Roasting Grasshoppers for the Chickens
One day, we caught so many grasshoppers and we wanted to feed them to our chickens. We wanted to do something different on that day. We gathered dry twigs and leaves that were scattered below the trees. One of us took a sheet cut from an empty talcum powder tin. We all then built an oven with the broken bricks and stones. After filling the oven with dry twigs and leaves, we placed the sheet of tin in the oven.

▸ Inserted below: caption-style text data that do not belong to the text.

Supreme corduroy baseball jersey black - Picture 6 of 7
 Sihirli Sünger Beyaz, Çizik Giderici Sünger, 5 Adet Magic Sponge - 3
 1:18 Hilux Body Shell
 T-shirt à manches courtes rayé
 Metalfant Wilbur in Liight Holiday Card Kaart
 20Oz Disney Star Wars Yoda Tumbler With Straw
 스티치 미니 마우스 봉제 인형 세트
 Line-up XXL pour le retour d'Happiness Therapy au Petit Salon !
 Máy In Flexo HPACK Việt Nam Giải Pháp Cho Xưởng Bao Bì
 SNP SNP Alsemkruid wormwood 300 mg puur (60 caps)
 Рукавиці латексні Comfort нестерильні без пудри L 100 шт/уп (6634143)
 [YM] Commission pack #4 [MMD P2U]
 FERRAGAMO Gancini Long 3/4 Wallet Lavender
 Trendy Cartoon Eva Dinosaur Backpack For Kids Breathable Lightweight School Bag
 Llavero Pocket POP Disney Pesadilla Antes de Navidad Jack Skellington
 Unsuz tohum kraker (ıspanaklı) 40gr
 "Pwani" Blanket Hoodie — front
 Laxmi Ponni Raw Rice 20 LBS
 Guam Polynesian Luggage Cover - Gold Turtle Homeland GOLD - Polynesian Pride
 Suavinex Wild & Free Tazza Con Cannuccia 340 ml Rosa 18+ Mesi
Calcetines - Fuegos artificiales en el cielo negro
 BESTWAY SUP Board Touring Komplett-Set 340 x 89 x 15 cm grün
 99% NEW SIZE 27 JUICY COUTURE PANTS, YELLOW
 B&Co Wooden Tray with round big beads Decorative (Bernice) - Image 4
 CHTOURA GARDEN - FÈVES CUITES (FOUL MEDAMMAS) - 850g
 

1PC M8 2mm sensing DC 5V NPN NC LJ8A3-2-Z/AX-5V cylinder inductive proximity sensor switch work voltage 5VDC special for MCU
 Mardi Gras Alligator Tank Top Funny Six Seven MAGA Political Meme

With the matchstick stick we lit the dry leaves and twigs and made a fire. When the sheet got hot, we placed the wax collected from burnt candles. The wax started to melt, and it looked like oil. One by one, we took the grasshopper out of the bottle. We removed the legs and the head of the grasshopper. Shamelessly, we didn’t even realize how painful it would be for those grasshoppers. We then roasted the headless, legless grasshoppers in the melting wax. After roasting the grasshoppers for a while in the melting wax, we took them out of the fire.
We placed the roasted grasshoppers on a waste paper and called the chickens to taste the toast. The chickens came running and ate the grasshoppers within seconds. We all clapped our hands and laughed loudly. The memory of chasing and roasting grasshoppers is still fresh in my mind.
Reflection and Regret
The difference is now I feel I don’t have the right to kill the grasshoppers like this, and how they would have cursed me for taking their lives. Every living thing in the world has the right to live its life. Is it childhood frenzy that made me do that? Why should I choose those innocent grasshoppers and feed them to the chickens? Does it reflect the cruel nature that is hidden deeper within me?

When I narrated this to one of my younger colleagues, she passed on a remark. “That is too bad. How dare you do that?” I apologized to her. She shared with me an incident during her school days. During rainy seasons, grasshoppers from the school garden would come into their class through the windows. Whoever caught the grasshopper was considered lucky, and they may bring them prosperity and wealth. I felt ashamed and could not look directly at her for a few minutes.

Growing up in an environment enriched with colours of nature adorned with sounds of machines, I enjoyed life with all challenges. Nature is always a great teacher that teaches empathy to live and let live others. Though I am now living in an urban environment, the lesson that nature taught me motivates and allows me to keep on writing. I will always remember the cool afternoons in the shades of trees that made me write more on love.